Our tour guide took a smaller iceberg out of the water and held it while he spoke to us for a bit. He then explained that this iceberg could be 1000 years old (!!!) and proceeded to break it into smaller pieces so that we could all taste the 1000 year old ice! It was fresh water, but it had a different taste to it.
After our tour, we went back into the visitor’s center and relaxed for a while. We were officially ahead of schedule, so we decided to drive to Vatnajokull, a national park that we were supposed to visit the following day. Being ahead of schedule is a treat. Since we were able to get to the park and explore on this day instead of the next, we wanted to rent Roo (or another SadCar) for an extra day so that we could spend more time in the country’s capital, Reykjavik.
On route to Vatnajokull, we passed another beautiful waterfall and pulled over to explore (there are tons of waterfalls on Route 1, but this one was especially beautiful).
My pictures don’t capture them, but there were pure white birds flying and nesting all around the top of the fall. It was nothing short of gorgeous. I also snapped this picture 🙂 (I love the sheepies!)
We made it to Vatnajokull around 3:00PM and were exhausted. One day in Iceland consisted of so many activities! Thus, we decided that we would take our time on a shorter hike and then relax and shower (turns out you have to pay to shower and the visitor’s center was closed after we had finished our hike).
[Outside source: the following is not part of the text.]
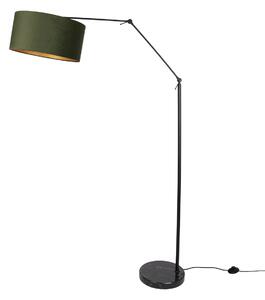 Stojacia lampa čierna nastaviteľná so zeleným tienidlom a zlatým interiérom 50cm - Editor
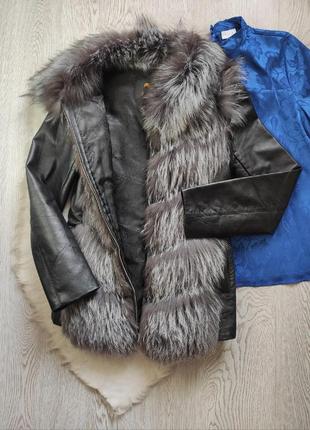 Чернобурка шуба трансформер жилетка короткая кожаная куртка натуральная с мехом воротником2 фото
We went into the visitor’s center and found a map (it was 350ISK) with the hikes on it. We didn’t pay for it, we just looked at it, and I snapped a picture of it and the man behind the desk got angry with me and told me that I was stealing from him! I understood where he was coming from, except that the same map was blown up and posted all around the park. The woman behind the desk looked embarrassed, and I showed him my pictures and deleted the map in front him. He must have been having a bad day. We decided on hike “S2,” and it was a wonderful hike indeed. It led us to another incredible waterfall surrounded by nature.
We made a hiking friend, Charlie, who lives in Los Angeles. He was traveling Iceland by himself, and he hung out on the top of the fall and explored an abandoned cabin with us. He told us that we had a lot to look forward to in our future travels to southern Iceland. He spoke very highly of Vik, a town about 1.5 hours away from Vatnajokull, so we decided that we’d head there in the morning.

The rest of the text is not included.